Version 45 (modified by 12 years ago) (diff) | ,
---|
-
Communication Infrastructure
- 1. The 3 interconnection networks
- 2. VCI initiators & targets indexing
- 3. VCI encoding of the various transaction types on the direct network
- 4. DSPIN encoding of the various transaction types on the direct network
-
5. DSPIN encoding of the coherence transactions
- 5.1 DSPIN MULTI-UPDATE packet format (L2-to-L1 : 40 bits)
- 5.2 DSPIN MULTI-INVAL packet format (L2-to-L1 : 40 bits)
- 5.3 DSPIN BROADCAST packet format (L2-to-L1 : 40 bits)
- 5.4 DSPIN CLEANUP-ACK packet format (L2-to-L1 : 40 bits)
- 5.5 DSPIN CLEANUP packet format (L1-to-L2 : 33 bits)
- 5.6 DSPIN MULTI-ACK packet format
- 6. External Network
Communication Infrastructure
1. The 3 interconnection networks
The TSAR architecture defines three logically independent VCI compliant networks, that are fully separated for dead-lock prevention :
- The Direct Network implements the 40 bits TSAR physical address space that is visible by the software.

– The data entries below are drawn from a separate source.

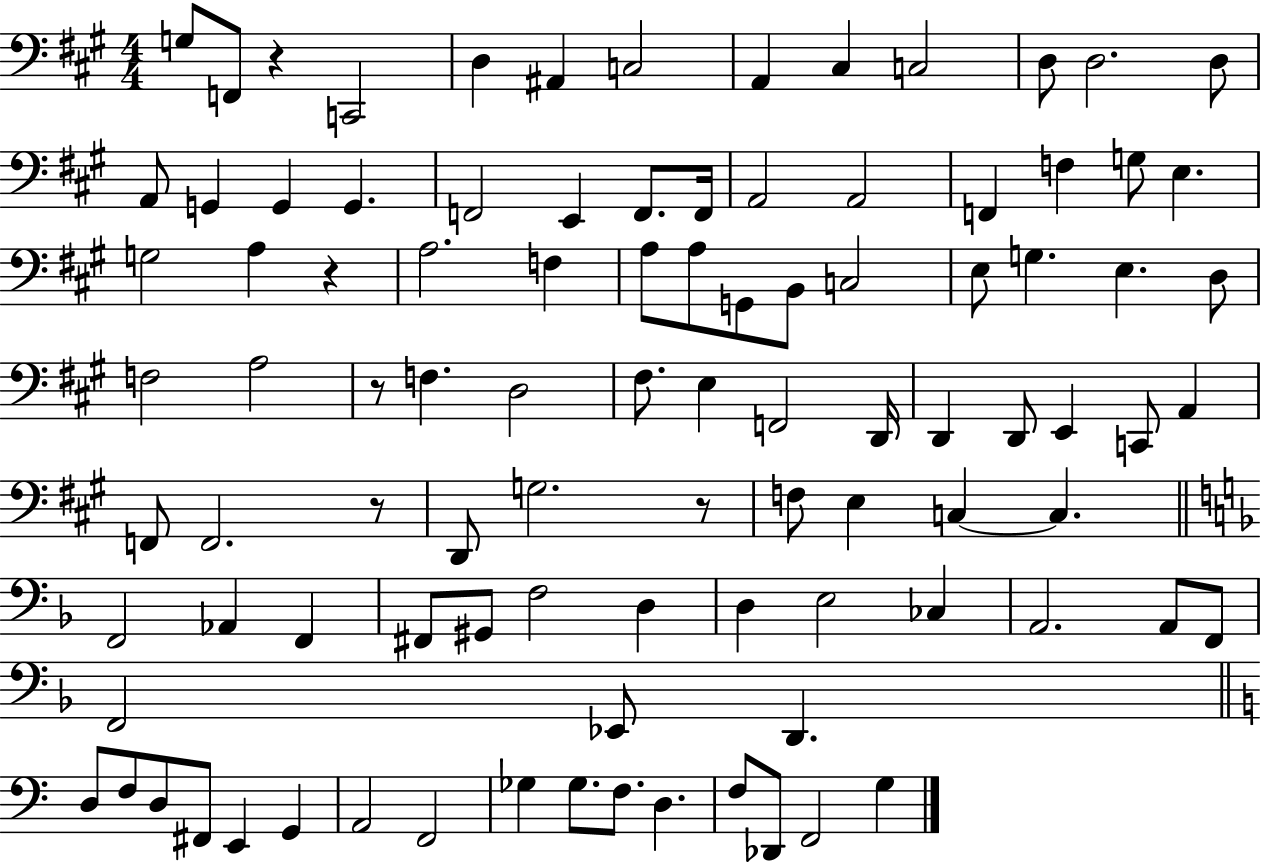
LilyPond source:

{
  \clef bass
  \numericTimeSignature
  \time 4/4
  \key a \major
  \repeat volta 2 { g8 f,8 r4 c,2 | d4 ais,4 c2 | a,4 cis4 c2 | d8 d2. d8 | \break a,8 g,4 g,4 g,4. | f,2 e,4 f,8. f,16 | a,2 a,2 | f,4 f4 g8 e4. | \break g2 a4 r4 | a2. f4 | a8 a8 g,8 b,8 c2 | e8 g4. e4. d8 | \break f2 a2 | r8 f4. d2 | fis8. e4 f,2 d,16 | d,4 d,8 e,4 c,8 a,4 | \break f,8 f,2. r8 | d,8 g2. r8 | f8 e4 c4~~ c4. | \bar "||" \break \key d \minor f,2 aes,4 f,4 | fis,8 gis,8 f2 d4 | d4 e2 ces4 | a,2. a,8 f,8 | \break f,2 ees,8 d,4. | \bar "||" \break \key c \major d8 f8 d8 fis,8 e,4 g,4 | a,2 f,2 | ges4 ges8. f8. d4. | f8 des,8 f,2 g4 | \break } \bar "|."
}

It transports the direct READ, WRITE, LL, SC and CAS transactions from any VCI initiator (typically a L1 cache controller or another hardware coprocessor with a DMA capability) to any VCI target (typically a memory cache controller, or a memory mapped peripheral).
- The Coherence Network implements a separated address space, used to transport the coherence transactions between memory cache controllers and L1 cache controllers. This address space is not visible by the software.
- The External Network implements a 34 bits physical address space.This network transports the PUT and GET transactions from the memory cache controller to the external RAM controller, in case of MISS or cache line replacement in the memory cache. This address space is not visible by the software.
2. VCI initiators & targets indexing
A given hardware component can have several VCI ports. For example the L1 cache has three VCI ports : one initiator port to the direct network, one initiator port to the coherence network, and one target port on the coherence network. Each VCI port can have a different identifier that is defined by three indexes :
- X_ID is the cluster X-coordinate.
- Y_ID is the cluster Y-coordinate.
- L_ID is the local index inside the cluster.
An hardware component that has several VCI ports can have several different values for the L_ID local index.
The X_ID, Y_ID and L_ID are coded on NX, NY, NL bits respectively. The NX, NY and NL parameters are global for a given instance of the TSAR architecture. NX & NY cannot be larger than 5 (no more than 1024 clusters), but can be smaller, if the number of clusters is smaller than 1024. NL is equal to 4 (no more than 16 target ports or 16 initiator ports per cluster).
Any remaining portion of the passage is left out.